There are two ways to work in this world, harder, or smarter. I choose to work smarter. I'll let you guess whether I use presets or not.


----------



## donny1963 (Jan 21, 2017)

presets are a time safter, i do many wedding shoots, and on average wedding shoot i take about 1500 pictures or more..
now of course i got about 50 shots in the church, then another 100 out side, then the rest at the reception at a different location.
So each place my images are going to have different light balance , light settings some with just fill flash some with the flash is the main light.

So lets say i start working with the shots in the church, the light balance is going to be the same, the light situation will be as well, so all my images will have similar exposures , what i do is edit the first picture and save what adjustments i did to that picture in a pre-set, then each time i move on to the next image i first apply the pre-set to get the next image i'm working on to be similar at least to what i want then if needed make more adjustments.

This saves me the time to have to manually set each image with the settings, i even do them as a batch processing  then move on to the next set where the lighting and situation would be different and so i manually edit the fist one and then save that preset and apply them to all the other image that where taken in that location.. it's so much a life saver,   this cuts down my post- production time by 80% or more.

When you have to edit like 1000 or more images your going to want to use presets, even editing just 200 pictures, why do the same adjustments to 199 of your pictures that you just did to your first picture, that makes no sense..

Donny


----------



## OGsPhotography (Jan 22, 2017)

Are we talking about using the " Previous Button" now for batch processing, thats a seperate function to adjustment brush presets.

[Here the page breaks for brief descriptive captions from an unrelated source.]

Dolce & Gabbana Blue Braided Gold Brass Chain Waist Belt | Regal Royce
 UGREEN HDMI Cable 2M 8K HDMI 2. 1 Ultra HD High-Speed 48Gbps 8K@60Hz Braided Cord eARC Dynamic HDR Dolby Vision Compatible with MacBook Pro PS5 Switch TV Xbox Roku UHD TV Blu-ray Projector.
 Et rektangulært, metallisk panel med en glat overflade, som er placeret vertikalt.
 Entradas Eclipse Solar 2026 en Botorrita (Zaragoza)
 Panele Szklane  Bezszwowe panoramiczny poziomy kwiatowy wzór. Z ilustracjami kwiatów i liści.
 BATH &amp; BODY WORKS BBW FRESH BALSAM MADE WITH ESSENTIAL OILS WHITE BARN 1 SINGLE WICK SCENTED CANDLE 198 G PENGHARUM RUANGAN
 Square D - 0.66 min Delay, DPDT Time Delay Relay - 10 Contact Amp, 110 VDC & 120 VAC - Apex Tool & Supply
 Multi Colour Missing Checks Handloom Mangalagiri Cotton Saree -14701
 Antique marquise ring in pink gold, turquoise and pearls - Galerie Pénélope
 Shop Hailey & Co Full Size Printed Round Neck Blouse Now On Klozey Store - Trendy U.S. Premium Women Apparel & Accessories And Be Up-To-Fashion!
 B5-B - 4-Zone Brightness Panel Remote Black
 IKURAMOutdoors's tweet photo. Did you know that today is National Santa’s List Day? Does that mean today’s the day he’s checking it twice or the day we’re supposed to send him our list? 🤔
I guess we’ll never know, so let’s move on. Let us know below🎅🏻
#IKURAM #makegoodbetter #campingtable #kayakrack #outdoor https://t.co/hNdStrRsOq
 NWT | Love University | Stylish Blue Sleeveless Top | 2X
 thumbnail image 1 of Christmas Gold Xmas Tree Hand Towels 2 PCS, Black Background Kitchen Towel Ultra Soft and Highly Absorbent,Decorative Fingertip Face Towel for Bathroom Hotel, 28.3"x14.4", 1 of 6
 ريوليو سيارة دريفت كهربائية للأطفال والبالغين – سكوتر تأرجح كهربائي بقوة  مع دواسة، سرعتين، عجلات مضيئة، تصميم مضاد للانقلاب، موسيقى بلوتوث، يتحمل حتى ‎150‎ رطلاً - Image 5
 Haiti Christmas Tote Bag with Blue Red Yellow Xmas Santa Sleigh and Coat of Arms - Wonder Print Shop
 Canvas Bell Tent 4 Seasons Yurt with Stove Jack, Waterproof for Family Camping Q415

I dont use them ( either form) but that is probably due to not having a need and or the knowledge to need them.


----------



## smoke665 (Jan 22, 2017)

@donny1963 I was referring to presets that would be used on a more recurring basis, but the flexibility of the preset is such that your use works as well. I am curious though as to why you save your initial settings as a preset rather than selecting all the photos in the group and using the Synch Button. Wouldn't that accomplish what you want with even less effort?

@OGsPhotography  I guess presets could include batch type processing but my OP was more on those which adjust the sliders to a preset point.


----------



## Rick50 (Jan 22, 2017)

smoke665 said:


> @donny1963 I was referring to presets that would be used on a more recurring basis, but the flexibility of the preset is such that your use works as well. I am curious though as to why you save your initial settings as a preset rather than selecting all the photos in the group and using the Synch Button. Wouldn't that accomplish what you want with even less effort?
> 
> @OGsPhotography  I guess presets could include batch type processing but my OP was more on those which adjust the sliders to a preset point.


I prefer the preset method as it allows me to skip photo's as I go but both methods achieve the same thing.


----------